Task description: Return the stretch from the line with "96 Wilson St, Hamilton, ON" through the line with "CYDWOQ Brave-L Sandals" in the data below, character for character, skipping all pictures.
-------- Dataset extract --------
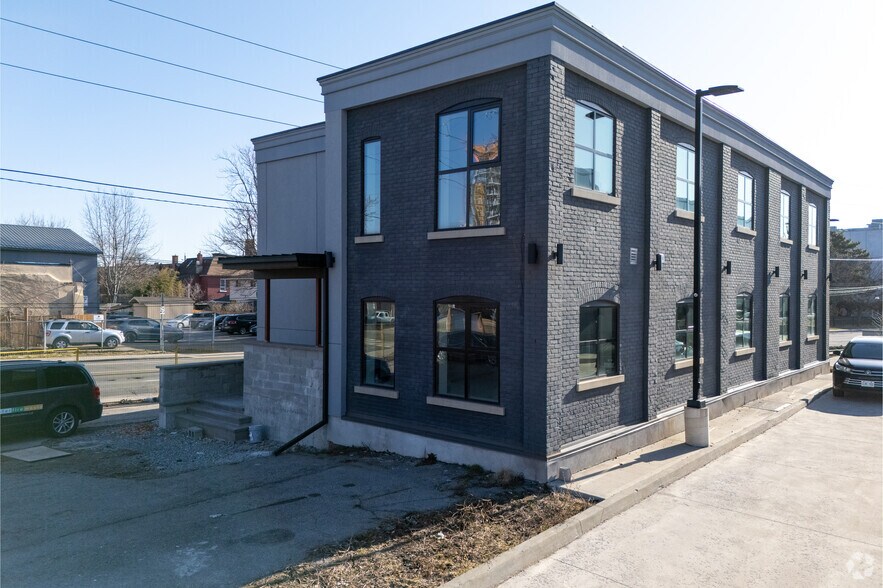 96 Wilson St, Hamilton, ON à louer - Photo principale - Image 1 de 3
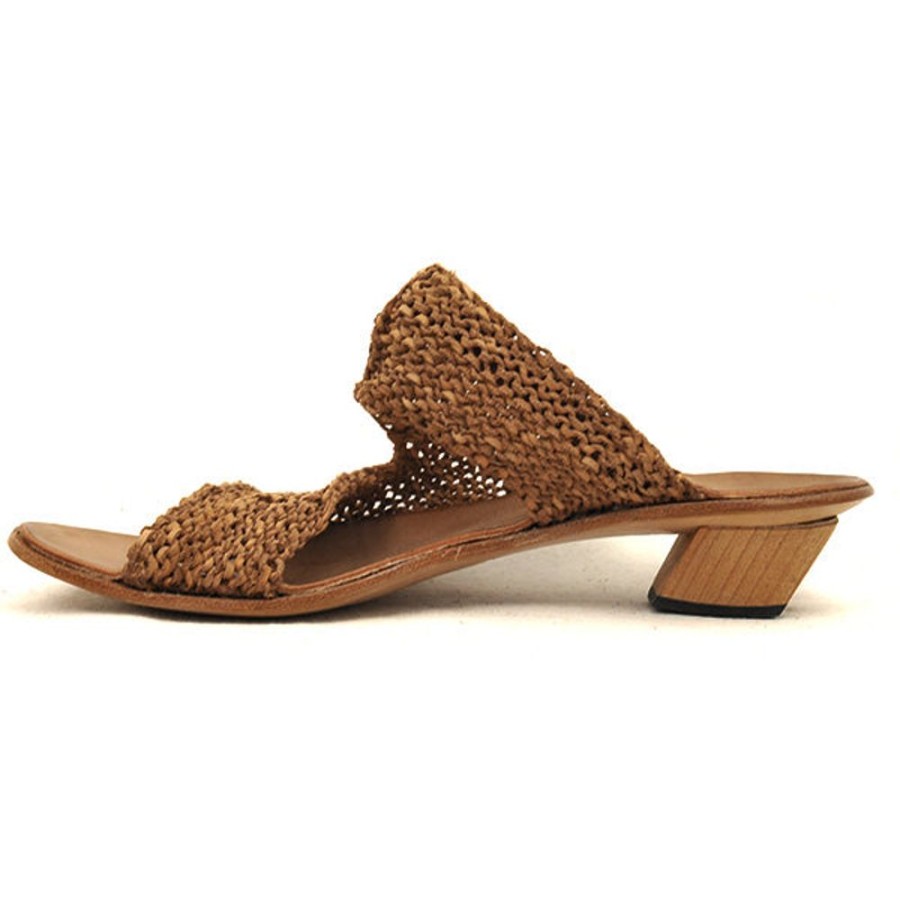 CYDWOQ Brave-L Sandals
--------
-------- Dataset extract --------
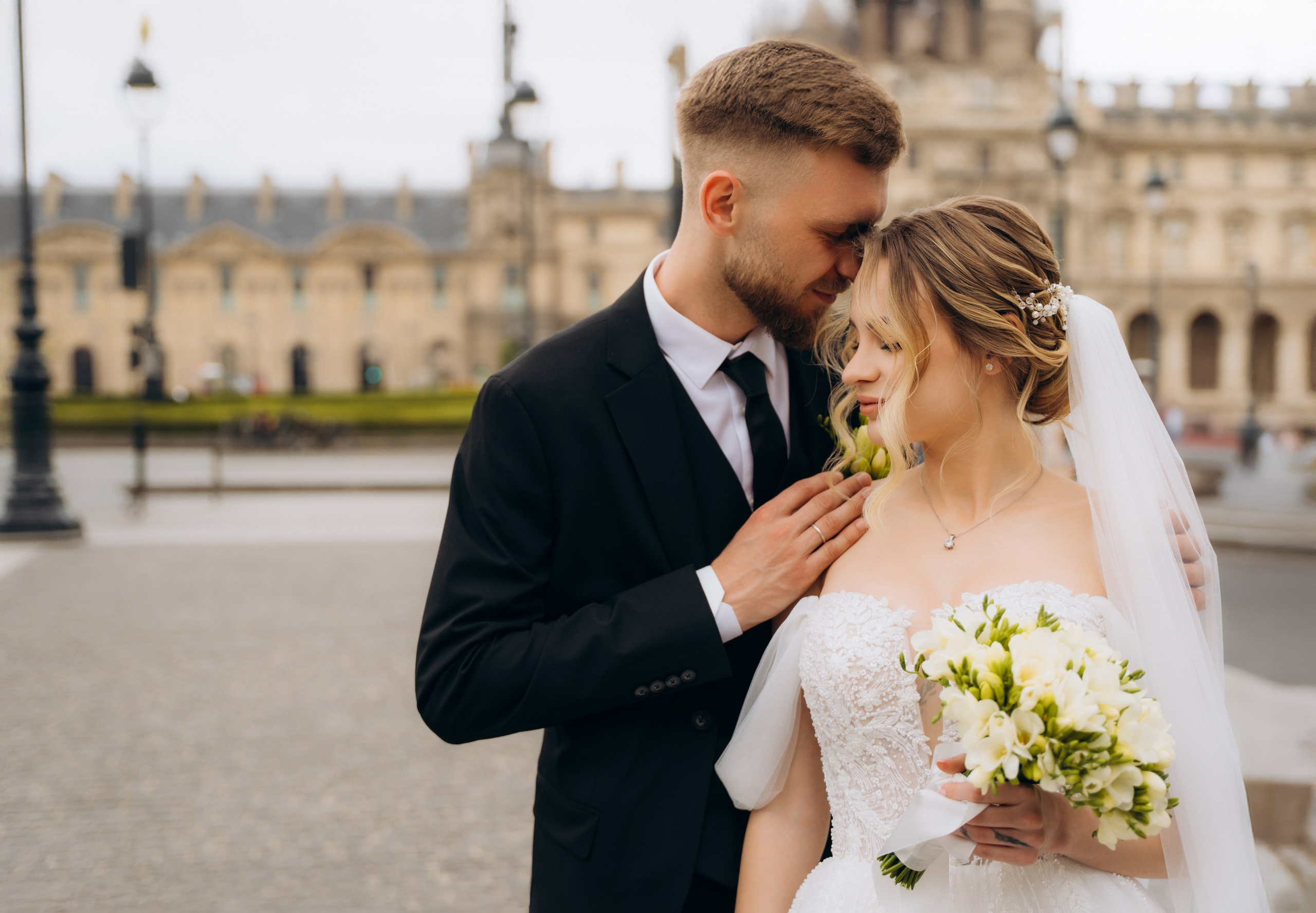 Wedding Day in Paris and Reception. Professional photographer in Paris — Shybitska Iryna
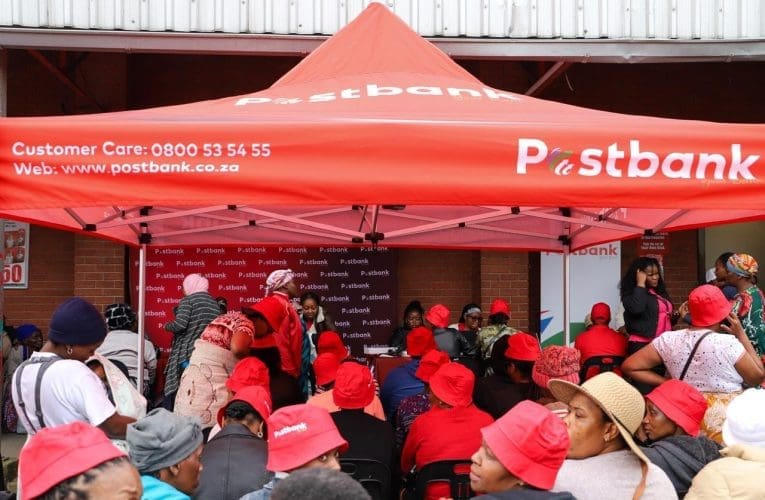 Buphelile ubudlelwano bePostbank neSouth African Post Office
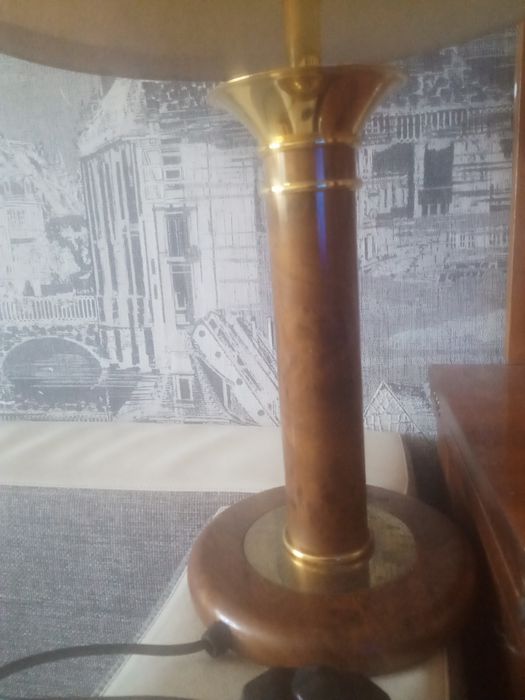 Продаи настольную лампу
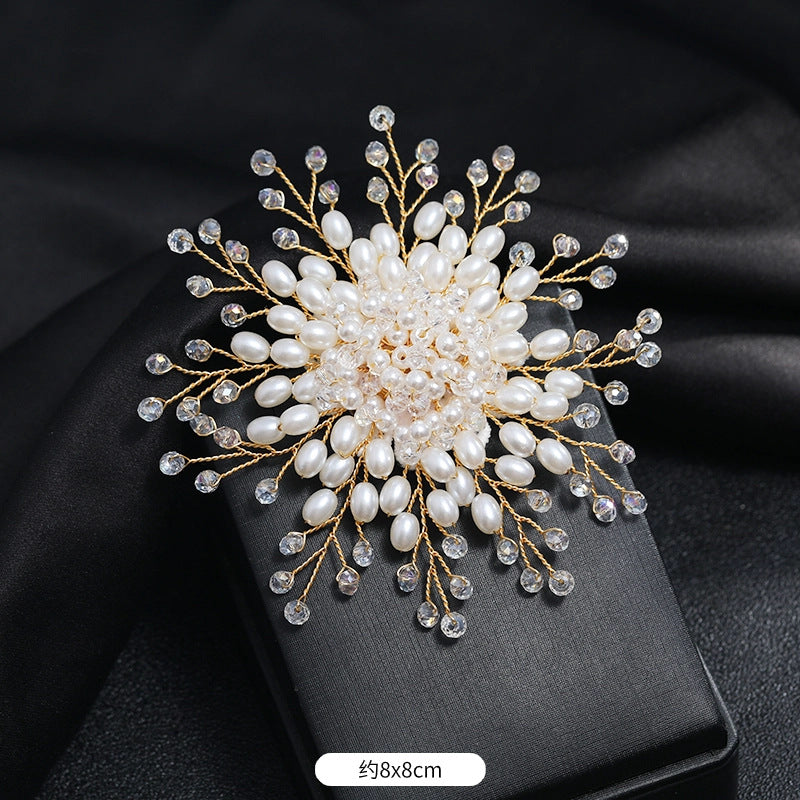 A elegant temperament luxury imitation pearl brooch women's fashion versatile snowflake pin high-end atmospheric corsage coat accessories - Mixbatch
--------
Output for this task:
 96 Wilson St, Hamilton, ON à louer - Photo principale - Image 1 de 3
 CYDWOQ Brave-L Sandals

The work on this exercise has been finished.